Captioned web images:

┄┄┄┄┄┄┄┄┄┄

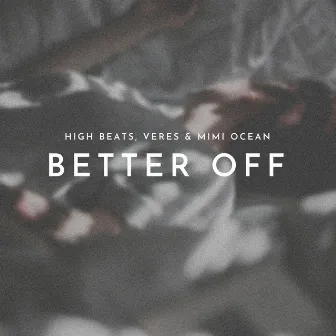 Better Off by Veres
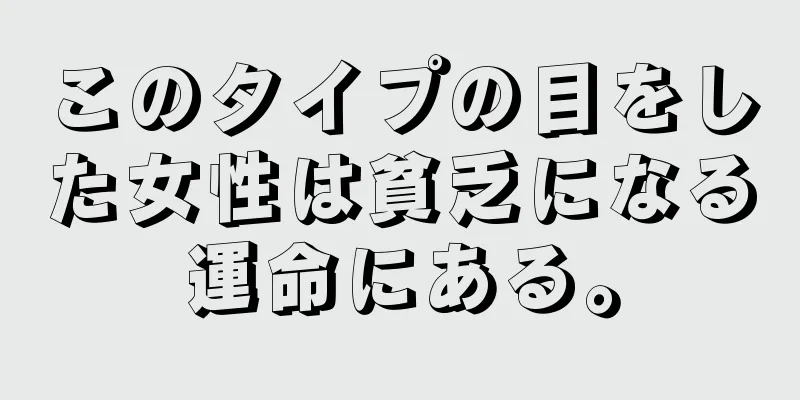 このタイプの目をした女性は貧乏になる運命にある。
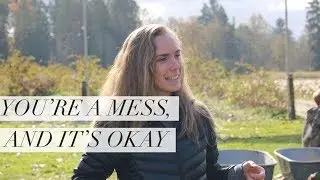 How to Forgive Yourself for Being a Mess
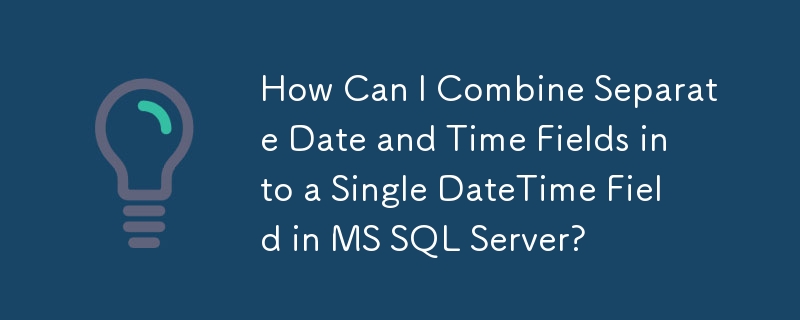 How Can I Combine Separate Date and Time Fields into a Single DateTime Field in MS SQL Server?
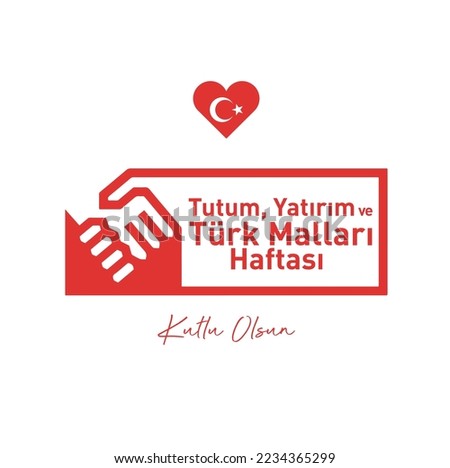 Tutum Yatırım ve Türk malları haftası kutlu olsun
translation: happy attitude, investment and turkish goods week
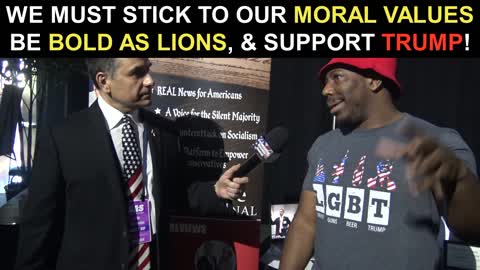 We Must Stick To Our Moral Values, Be Bold As Lions, and Support Trump!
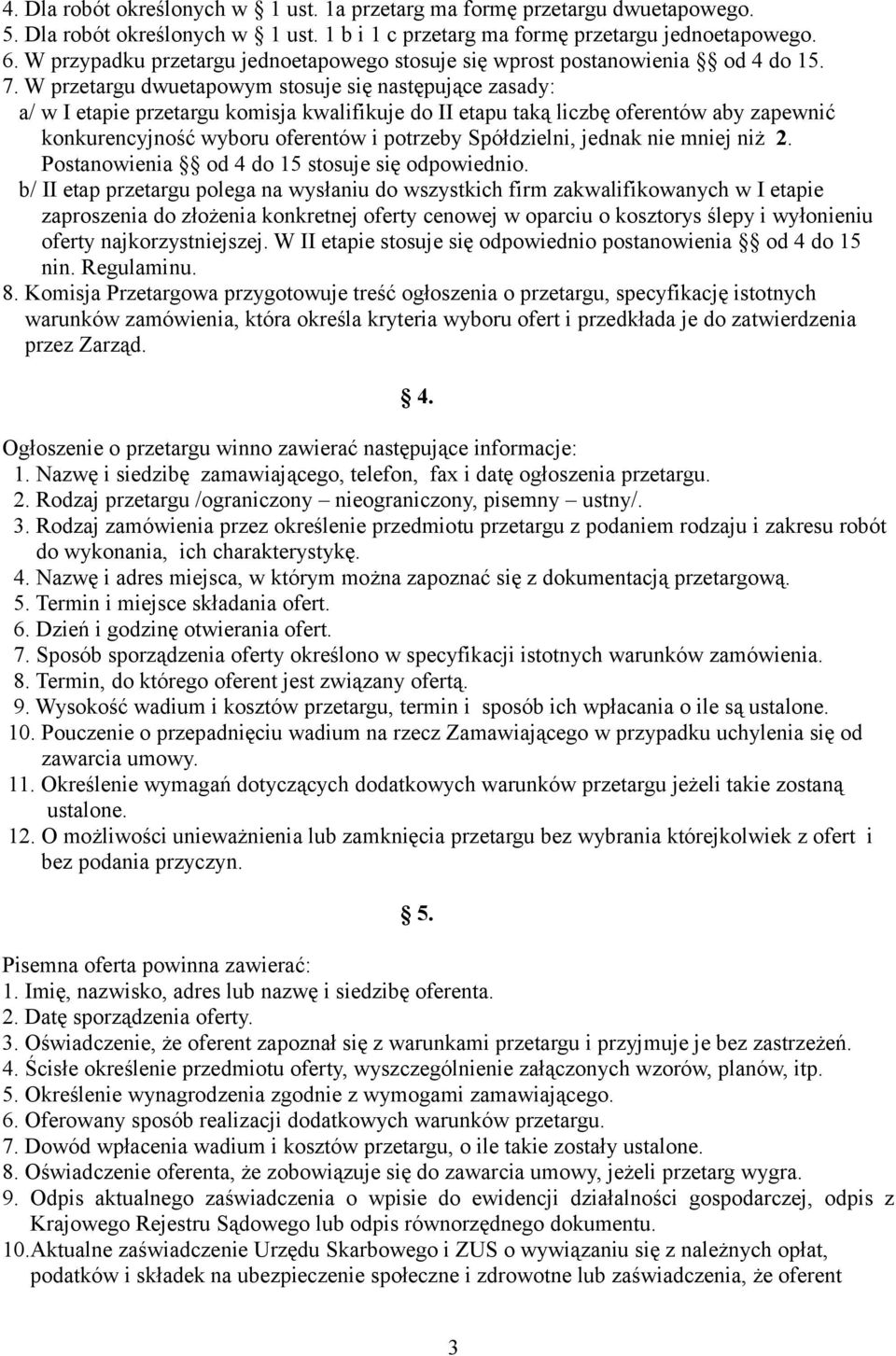 W przetargu dwuetapowym stosuje się następujące zasady: a/ w I etapie przetargu komisja kwalifikuje do II etapu taką liczbę oferentów aby zapewnić konkurencyjność wyboru oferentów i potrzeby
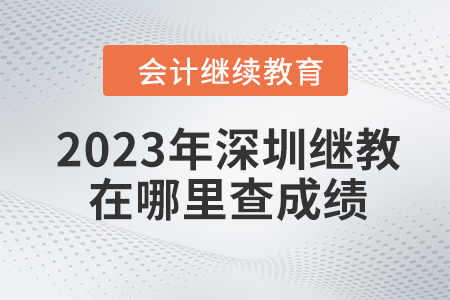 2023年深圳會(huì)計(jì)繼續(xù)教育在哪里查成績(jī)？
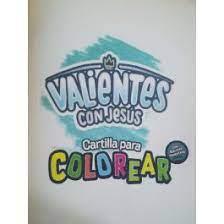 Valientes con Jesús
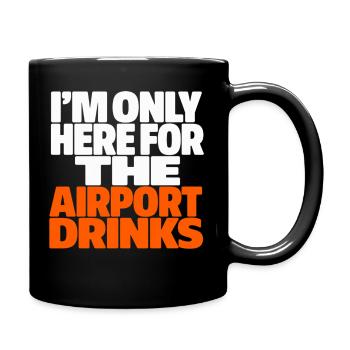 I'm Only Here For The Airport Drinks Holiday Saying - Full Colour Mug - black - Right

┄┄┄┄┄┄┄┄┄┄

What to do: When copying the records, reproduce every entry exactly and omit all pictures.

Result of the exercise:
 Better Off by Veres
 このタイプの目をした女性は貧乏になる運命にある。
 How to Forgive Yourself for Being a Mess
 How Can I Combine Separate Date and Time Fields into a Single DateTime Field in MS SQL Server?
 Tutum Yatırım ve Türk malları haftası kutlu olsun
translation: happy attitude, investment and turkish goods week
 We Must Stick To Our Moral Values, Be Bold As Lions, and Support Trump!
 W przetargu dwuetapowym stosuje się następujące zasady: a/ w I etapie przetargu komisja kwalifikuje do II etapu taką liczbę oferentów aby zapewnić konkurencyjność wyboru oferentów i potrzeby
 2023年深圳會(huì)計(jì)繼續(xù)教育在哪里查成績(jī)？
 Valientes con Jesús
 I'm Only Here For The Airport Drinks Holiday Saying - Full Colour Mug - black - Right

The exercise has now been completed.